* _Your goal_
Your copy should match the entries exactly, with no images carried over.

[Caption-style text data]

----

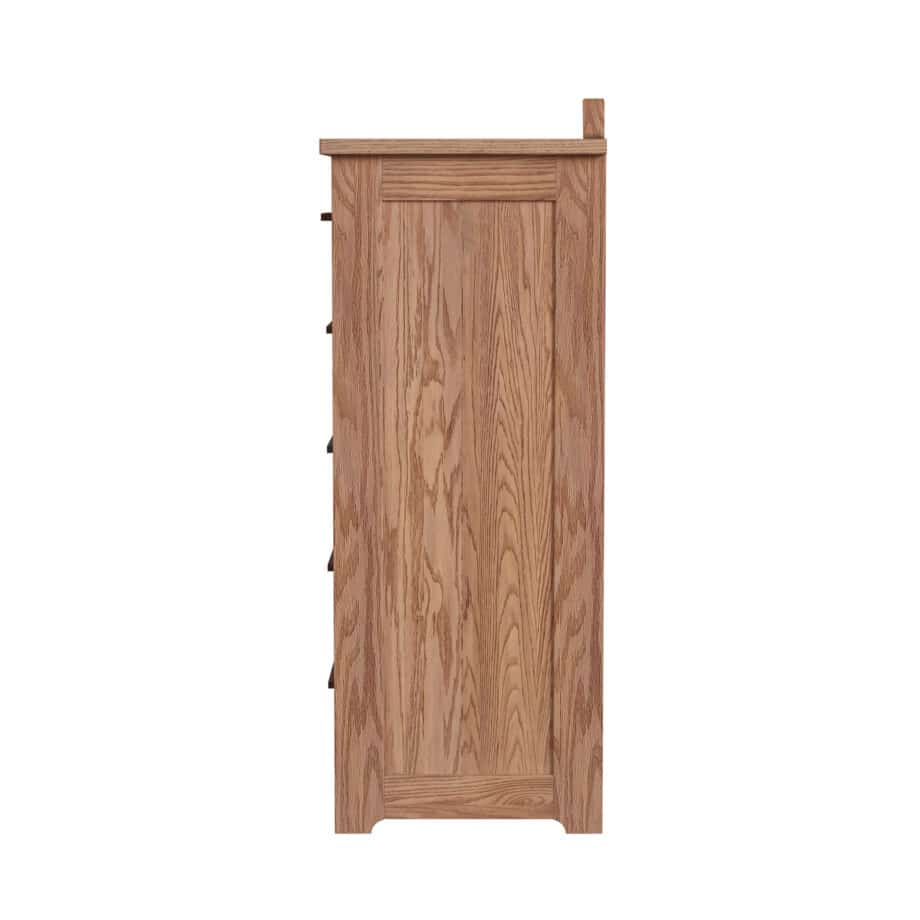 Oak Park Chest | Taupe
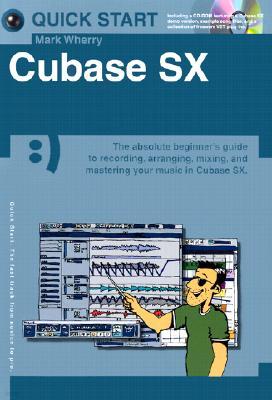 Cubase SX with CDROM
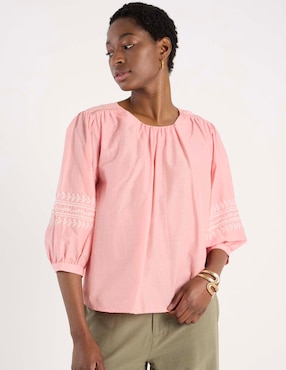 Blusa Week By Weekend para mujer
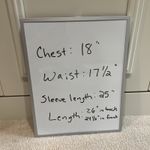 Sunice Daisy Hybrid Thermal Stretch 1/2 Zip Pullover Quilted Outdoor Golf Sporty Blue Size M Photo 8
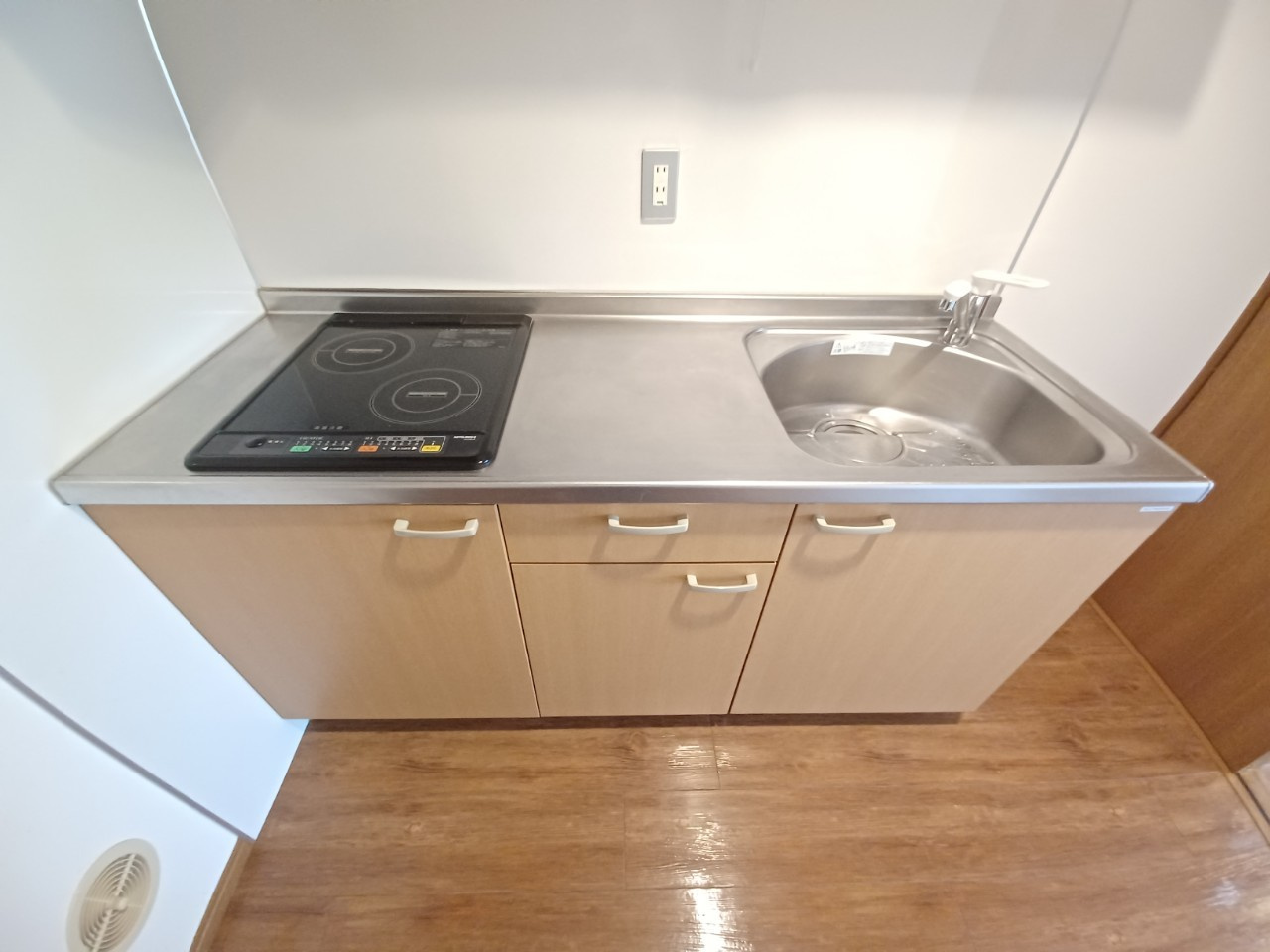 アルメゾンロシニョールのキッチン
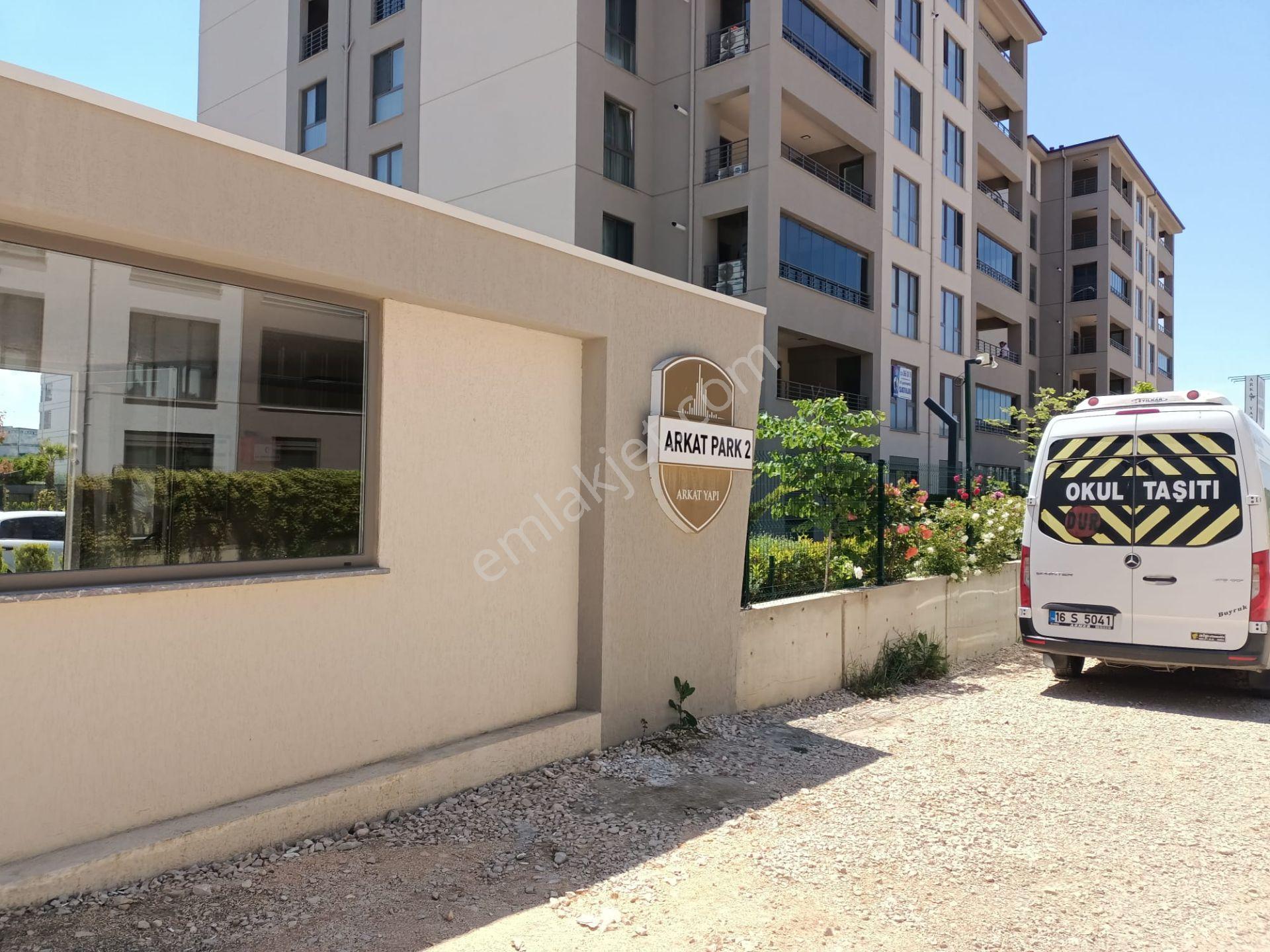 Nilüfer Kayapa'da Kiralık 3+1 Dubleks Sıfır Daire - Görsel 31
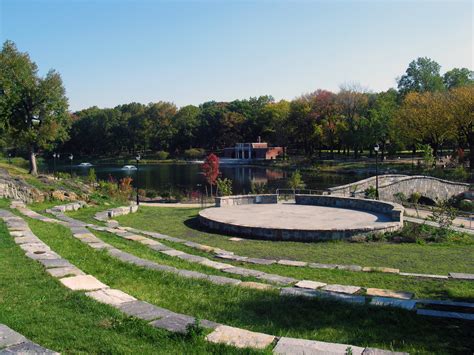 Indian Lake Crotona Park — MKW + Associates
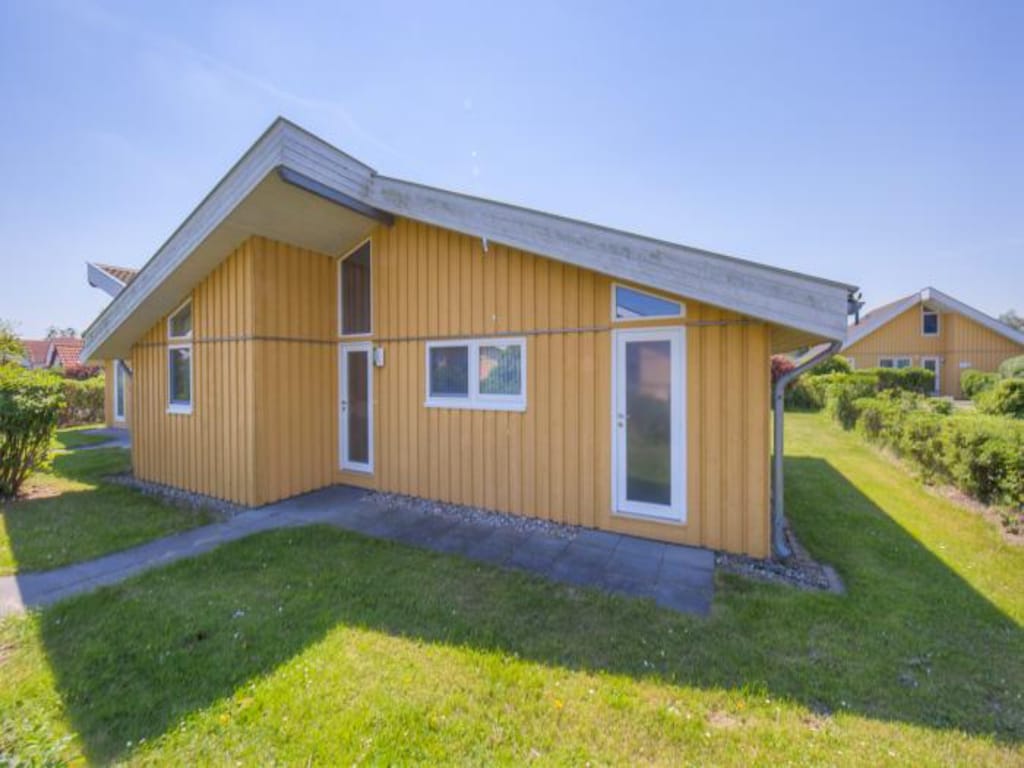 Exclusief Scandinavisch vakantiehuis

----

* _Task output_
 Oak Park Chest | Taupe
 Cubase SX with CDROM
 Blusa Week By Weekend para mujer
 Sunice Daisy Hybrid Thermal Stretch 1/2 Zip Pullover Quilted Outdoor Golf Sporty Blue Size M Photo 8
 アルメゾンロシニョールのキッチン
 Nilüfer Kayapa'da Kiralık 3+1 Dubleks Sıfır Daire - Görsel 31
 Indian Lake Crotona Park — MKW + Associates
 Exclusief Scandinavisch vakantiehuis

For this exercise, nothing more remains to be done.